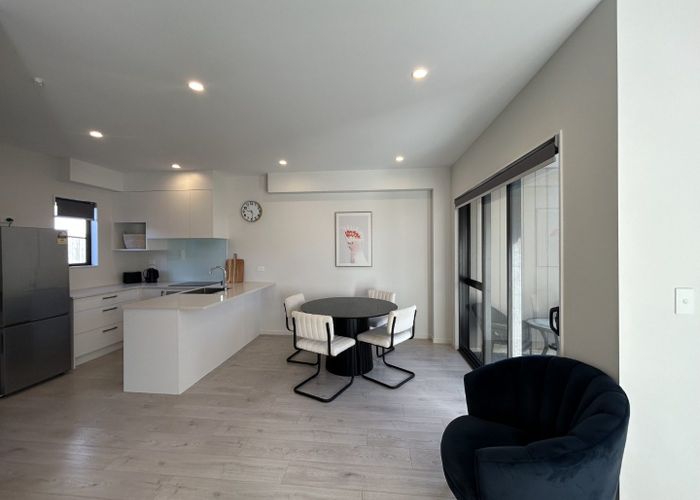 at 6/39 Renata Crescent, Te Atatu Peninsula, Waitakere City, Auckland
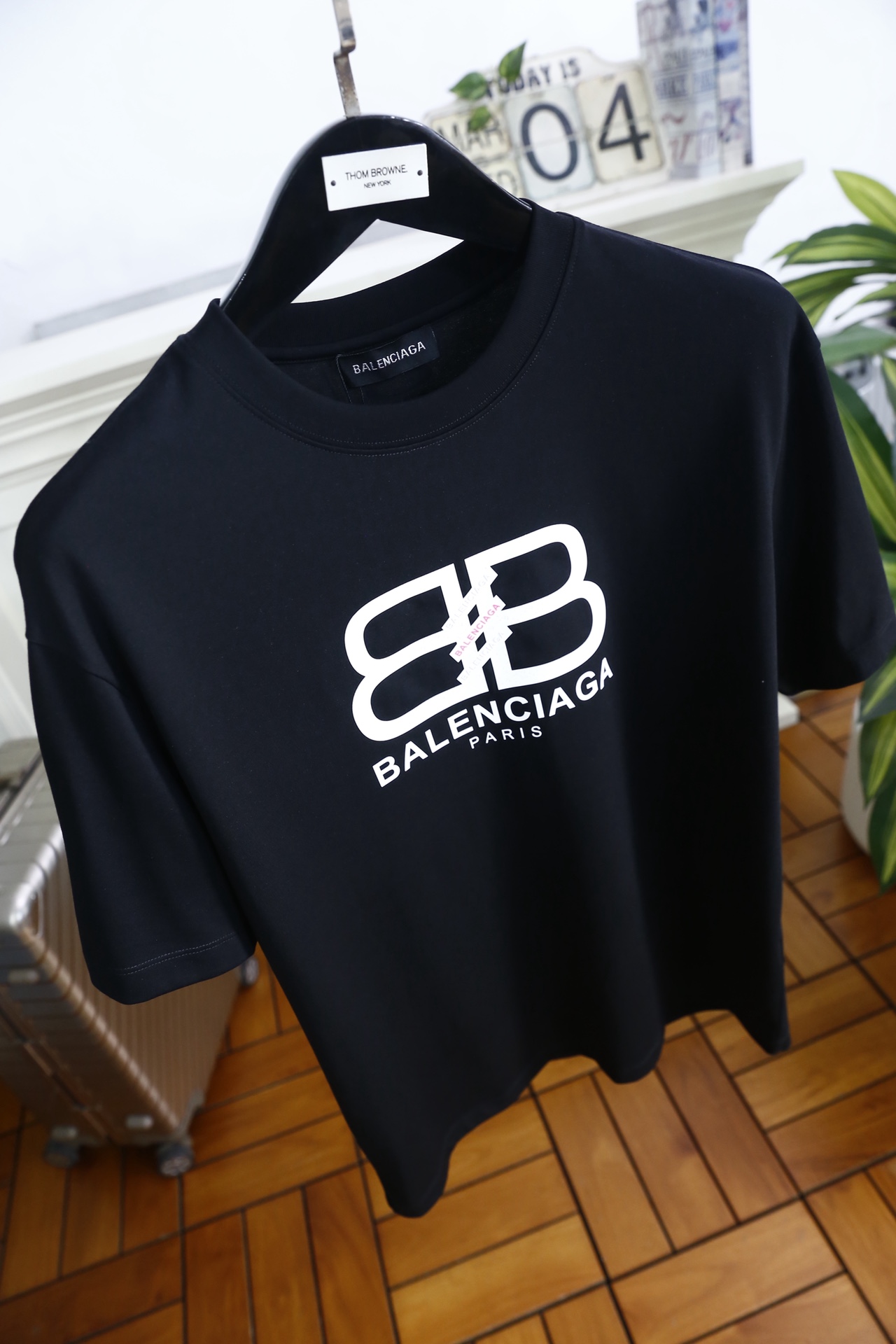 🔥巴黎世家.2026春夏新品男士短袖上市🍃经典圆领设计！重磅级尤物单品，新形态雅痞风格👍🏻高街混搭腔调有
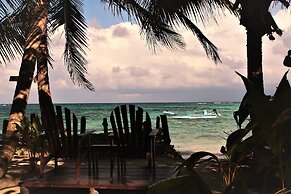 Little Corn Beach and Bungalow
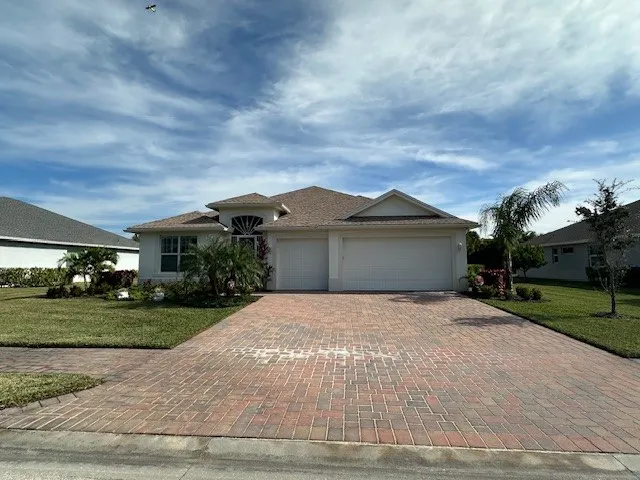 $3,600 | 8330 Summer Lake Drive Southwest, Vero Beach, FL 32967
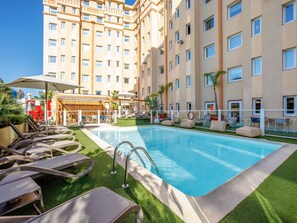 Una piscina al aire libre (de 09:00 a 20:00), sombrillas, tumbonas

────────────────────────────────────────

Reproduce word for word the lines from the line with "Little Corn Beach and Bungalow" to the end of the entries above, both included, but leave the pictures out.

# Solution to this task:
 Little Corn Beach and Bungalow
 $3,600 | 8330 Summer Lake Drive Southwest, Vero Beach, FL 32967
 Una piscina al aire libre (de 09:00 a 20:00), sombrillas, tumbonas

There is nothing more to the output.